Wright took this photo from a small airplane, a perspective that "reveals the bright and varied colored sediment tracing the river’s path towards the ocean," she says in a statement.
In February, Wright shared on Instagram that her pilot for the shoot that captured this image, Haraldur Diego, had died. "There was nothing better in this world than flying over Iceland with you," she wrote. "I rarely love my photographs. But the photos I made with him, in his airplane, I truly loved."
Second Place, Water
Within these pink-water lagoons in Yucatán, Mexico, lies one of the country's most important salt-generating plants. Photographer Nick Leopold Sordo of Mexico, who describes himself as a "scientist, conservationist, [and] shark diver" on Instagram, took this colorful image of the salt mines.
The lagoons are adjacent to Río Lagartos natural park, which—in keeping with a pink theme—"is an important site for the American flamingo," Sordo says in a statement.
First Place, Plants and Fungi
These eerie mushrooms create a haunting scene in Australian forests as they produce their own light, earning them the nickname "ghost fungus." Aussie photographer Callie Chee walked the forest in the daylight and marked the trees and ground so that she could find her way back to these mushrooms after dark.
As it turned out, finding these fungi at night wasn't too difficult. "The glow is very much visible to the naked eyes in complete darkness," Chee says in a statement.
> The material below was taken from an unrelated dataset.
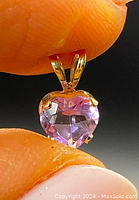 Close-up image of heart-shaped amethyst gemstone pendant held between fingers, showing the 14k gold setting and bail.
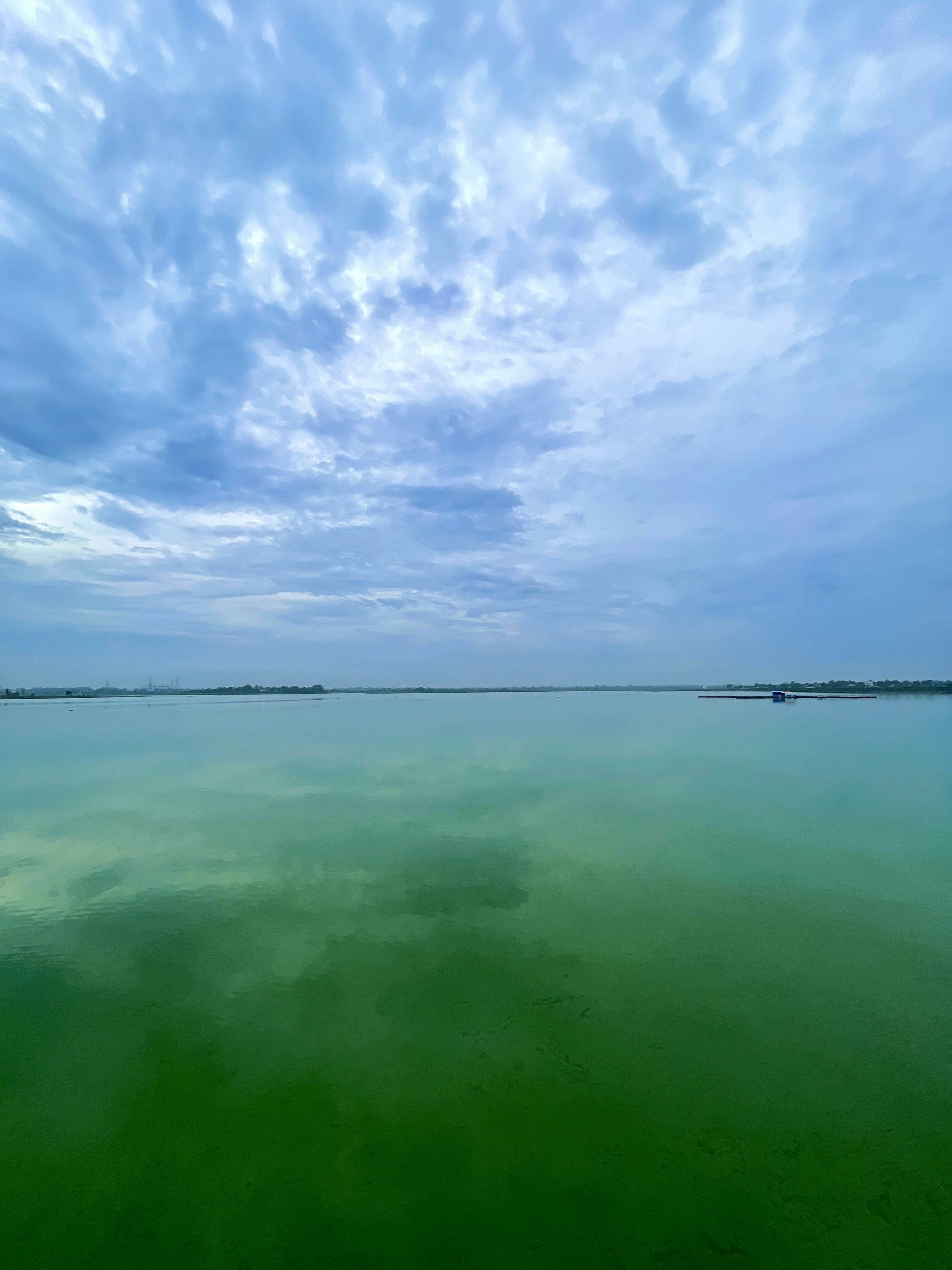 Ein großes Gewässer mit einem Himmel im Hintergrund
The key, though, is being in the right place at the right time. "Finding them and photographing them can be challenging as they grow and glow for only a few weeks in a year."
On Instagram, she described a two-hour-long "back-breaking shoot in the dark with a few spiders for company" to capture these mushrooms.
Second Place, Plants and Fungi
American photographer Xiaoling Keller captured this photo of Soaptree Yucca plants at New Mexico's White Sands National Park.
The hardy, drought-tolerant plants are relatives of the Joshua Tree and flower in late spring to early summer. Then, the white blossoms become the brown seed pods seen in Keller's image.
First Place, Wildlife
A lion named Morani walks with a friend along the savannah in Maasai Mara, Kenya. The friend, on the right, is distinctly older than Morani, says Anup Shah, a photographer from the U.K., in a statement.
The pair's movement broke a serene scene. "There is a hint of a faint breeze. Otherwise, a pure stillness reigns," Shah says in the statement.
Second Place, Wildlife
An African elephant shrouded in a cloud of dust is "one of the best spectacles in wild Namibia," Greek photographer Panos Laskarakis says in a statement.
The animal, which Laskarakis calls a "supergiant," is just visible through the haze. Elephants use their trunks to throw dirt and mud onto their bodies, providing protection from the sun and from bugs.
This winter scene in Stokksnes, Iceland, showcases contrasting hues. The ice-covered mountain, called Vestrahorn, stands out from the dark sands in the foreground.
"I like the difference in colors between the white mountains and the black dunes with the yellow grass," Italian photographer Ivan Pedretti says in a statement.
This Oregon attraction is known as Thor's Well, or the Drainpipe of the Pacific. Some say it started out as a sea cave that collapsed, leaving behind a seemingly bottomless pit that water flows into.
American photographer Tom Fenske captured this view of the formation at sunset. "When the tide is just right, the ocean seems to drain away through the hole," he says in a statement.
A giraffe bends over to drink water in the Zimanga Private Game Reserve in this low-angle shot captured by Jenny Zhao of the United States.
The oxpecker birds seen on the giraffe's back and flying near it have a mutually beneficial relationship with the tall mammals. The giraffe gets cleaner skin as the birds snack on parasites nestled on it. In 2018, photos revealed yellow-billed oxpeckers nesting in giraffes' fur overnight. Zhao's image captures the cooperation between the creatures.